_Activity_
Only one stretch of the data below is wanted: the lines from the one with "POLERA BATMAN GRAFFITI" through the one with "Concept cover for The Shepherd’s Lantern", repeated exactly.

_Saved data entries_
--
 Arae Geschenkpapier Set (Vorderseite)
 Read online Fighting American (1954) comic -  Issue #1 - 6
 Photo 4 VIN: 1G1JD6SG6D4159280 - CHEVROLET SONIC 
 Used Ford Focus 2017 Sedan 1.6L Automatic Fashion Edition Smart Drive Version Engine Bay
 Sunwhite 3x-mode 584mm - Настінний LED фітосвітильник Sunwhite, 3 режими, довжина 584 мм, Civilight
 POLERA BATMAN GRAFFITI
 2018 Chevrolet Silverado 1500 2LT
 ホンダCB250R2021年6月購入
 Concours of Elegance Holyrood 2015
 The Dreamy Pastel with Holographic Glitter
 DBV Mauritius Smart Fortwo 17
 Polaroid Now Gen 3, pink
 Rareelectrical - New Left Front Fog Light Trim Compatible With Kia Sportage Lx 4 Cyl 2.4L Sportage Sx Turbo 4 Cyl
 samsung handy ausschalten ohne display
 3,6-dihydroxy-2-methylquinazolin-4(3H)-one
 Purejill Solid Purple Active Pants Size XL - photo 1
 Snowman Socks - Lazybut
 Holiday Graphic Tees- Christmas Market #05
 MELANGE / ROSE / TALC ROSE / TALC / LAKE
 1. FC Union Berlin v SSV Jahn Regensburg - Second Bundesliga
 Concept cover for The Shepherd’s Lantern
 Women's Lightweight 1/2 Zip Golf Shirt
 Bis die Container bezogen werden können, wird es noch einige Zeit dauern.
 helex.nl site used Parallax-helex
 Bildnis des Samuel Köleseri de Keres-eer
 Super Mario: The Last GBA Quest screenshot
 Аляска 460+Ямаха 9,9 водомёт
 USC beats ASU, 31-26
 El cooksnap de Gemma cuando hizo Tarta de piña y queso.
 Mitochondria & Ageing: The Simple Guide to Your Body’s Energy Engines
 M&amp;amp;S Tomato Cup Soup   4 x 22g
--
_Answer to the exercise_
 POLERA BATMAN GRAFFITI
 2018 Chevrolet Silverado 1500 2LT
 ホンダCB250R2021年6月購入
 Concours of Elegance Holyrood 2015
 The Dreamy Pastel with Holographic Glitter
 DBV Mauritius Smart Fortwo 17
 Polaroid Now Gen 3, pink
 Rareelectrical - New Left Front Fog Light Trim Compatible With Kia Sportage Lx 4 Cyl 2.4L Sportage Sx Turbo 4 Cyl
 samsung handy ausschalten ohne display
 3,6-dihydroxy-2-methylquinazolin-4(3H)-one
 Purejill Solid Purple Active Pants Size XL - photo 1
 Snowman Socks - Lazybut
 Holiday Graphic Tees- Christmas Market #05
 MELANGE / ROSE / TALC ROSE / TALC / LAKE
 1. FC Union Berlin v SSV Jahn Regensburg - Second Bundesliga
 Concept cover for The Shepherd’s Lantern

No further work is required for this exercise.